The archaeological site of Tel Bet Yerah (Israel) is the most significant and best excavated Kura-Araxes occupation in the Southern Levant. Nearly a decade of excavations (2009- 2018) has yielded the largest Kura-Araxes assemblage of exceptionally preserved animal remains (ca. 30,000) known in the Southern Levant. Tel Bet Yerah is unique among all known Kura-Araxes sites in that it shows the side-by-side habitation of migrants and the local population at this Early Bronze Age urban center (2700 B.C.E- 2400 B.C.E).

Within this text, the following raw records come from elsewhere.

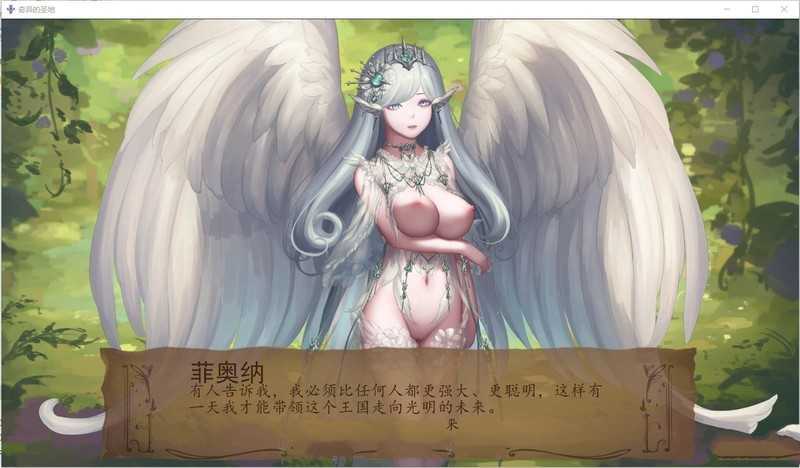 SLG/汉化丨奇异的圣地~圣屌降临  BizzareHolyLand V0.46.0b 【20241209】 游戏截图 2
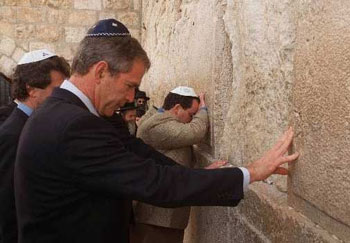 Bush, Sionismo cristiano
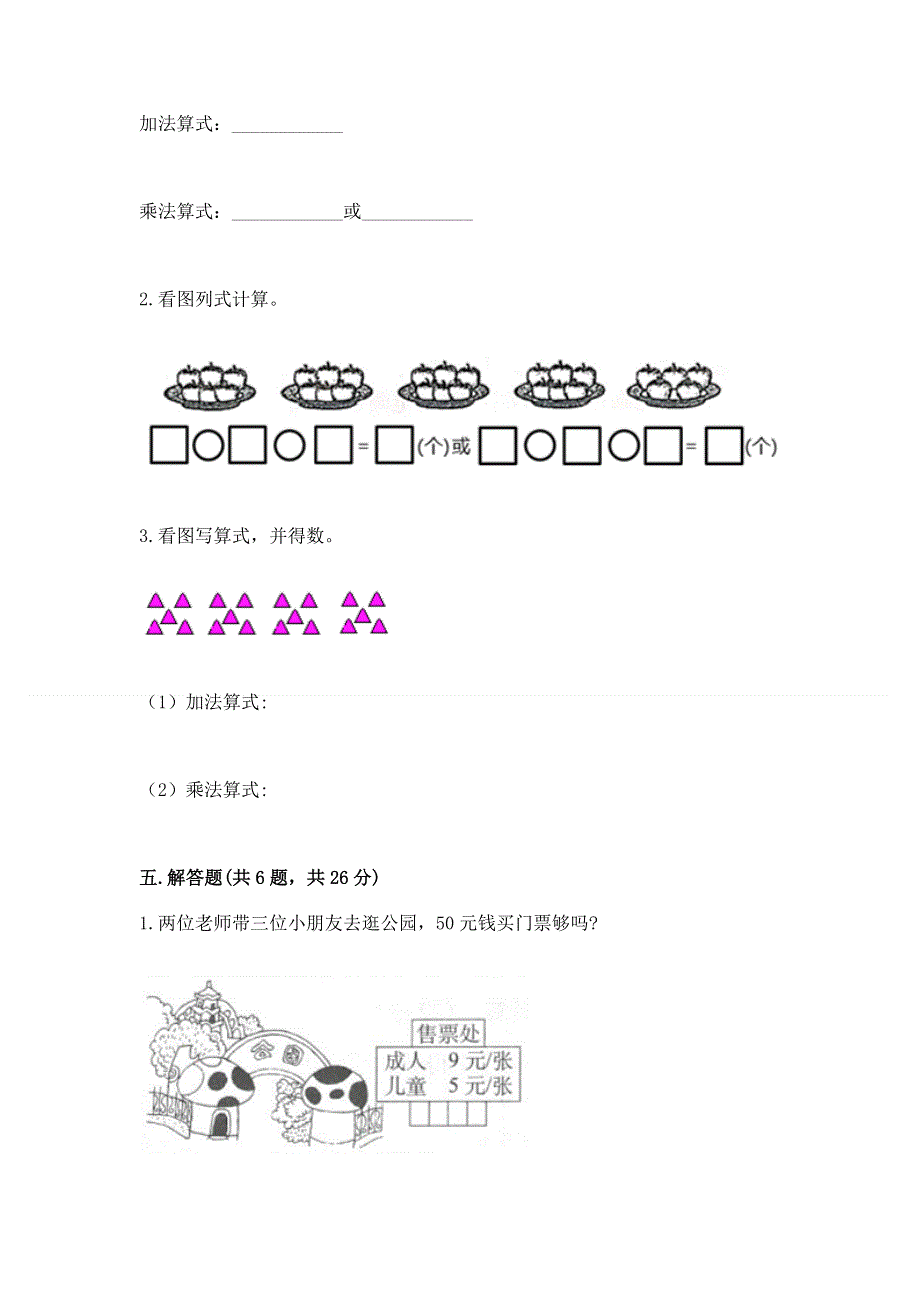 小学数学二年级1--9的乘法练习题附参考答案【名师推荐】.docx_第3页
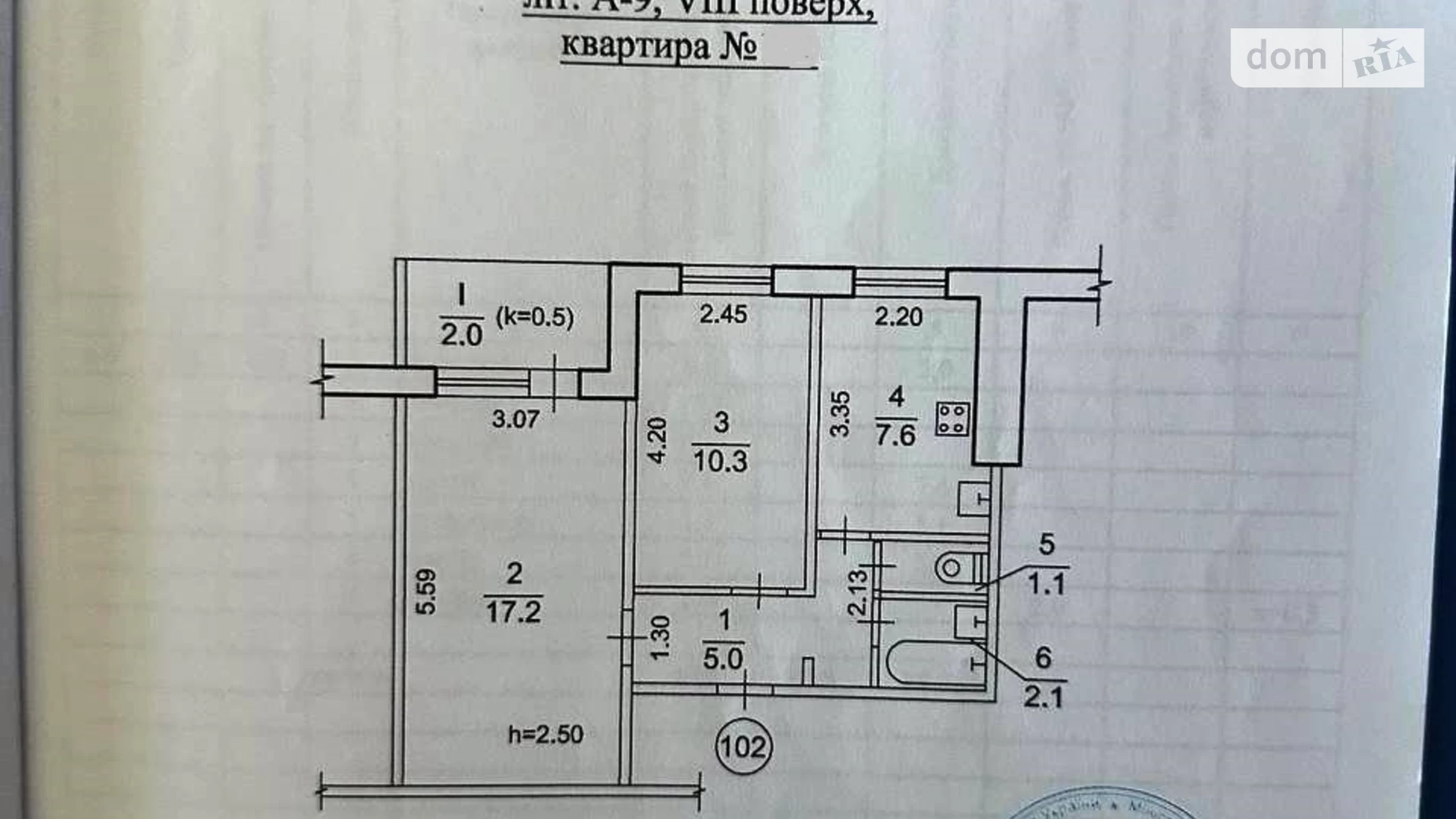 Продается 2-комнатная квартира 45.3 кв. м в Днепре, просп. Слобожанский, 115 - фото 2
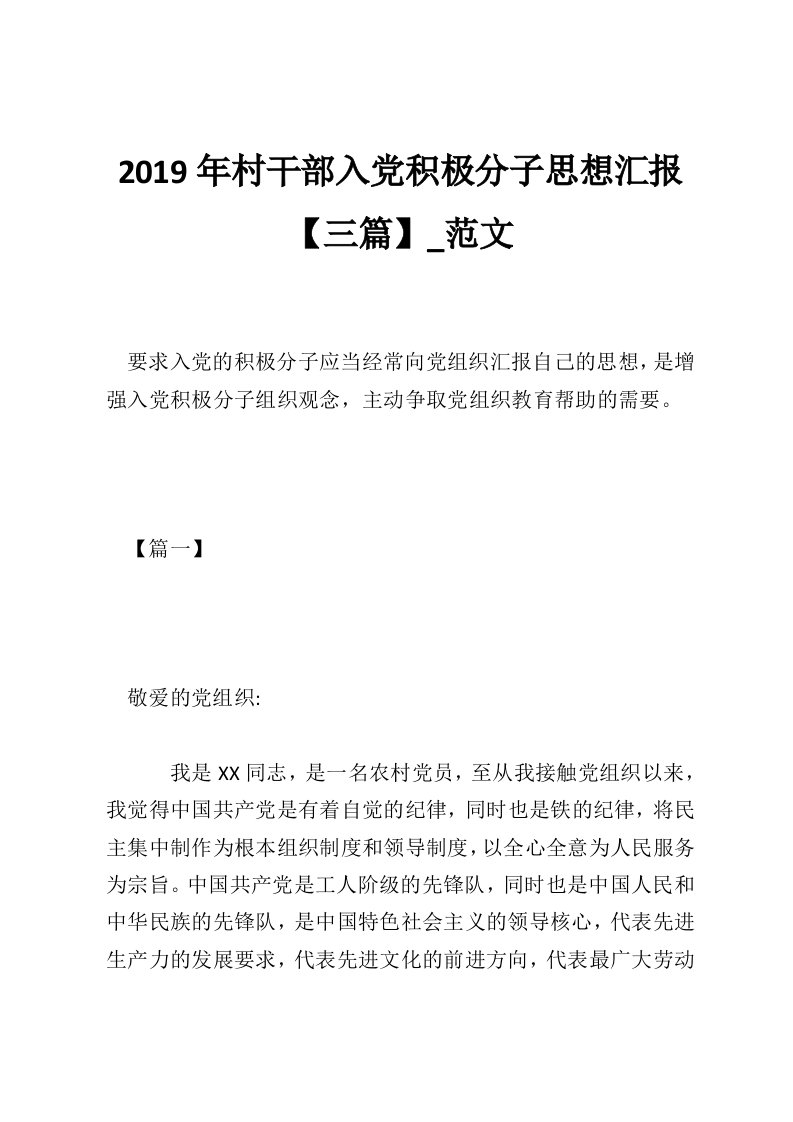 2019年村干部入党积极分子思想汇报【三篇】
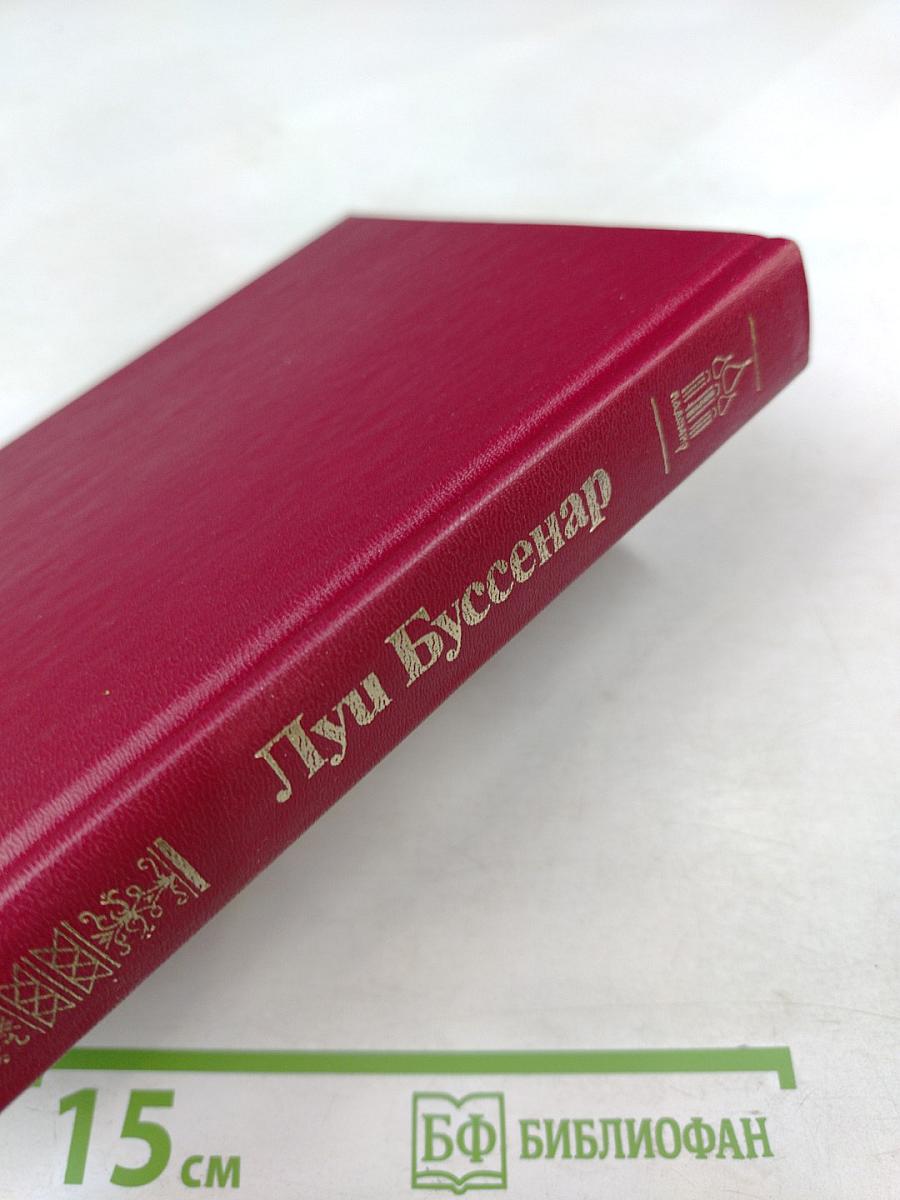 Охотники за каучуком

Through the original and unique study of the Tel Bet Yerah animal bone assemblage, this doctoral project will fill a large gap in the understanding of Kura-Araxes social organization and interactions with local groups. To date, there is no research on either the migratory nature of Kura-Araxes cultural groups, or on how they negotiated their socio-cultural world while co-existing with complex local communities. Tel Bet Yerah will provide the first case-study where these questions can directly be investigated and thus provide key insights into the concept of ‘diaspora’ in prehistory.

Research questions will focus on whether Kura-Araxes migrants maintained a distinct or assimilated cultural, social and economic identity, by comparing the Kura-Araxes with the local faunal assemblages. Social organization and interactions will be investigated through understanding the use of domestic livestock and wild animals, animal management decisions, the products they provide, understanding how they were processed and prepared, exchanged, consumed and disposed of. Animal treatment and food choices are dictated by social norms, and thus detailed zooarchaeological analyses (in which I have MSc level training) can be used to reconstruct social climates.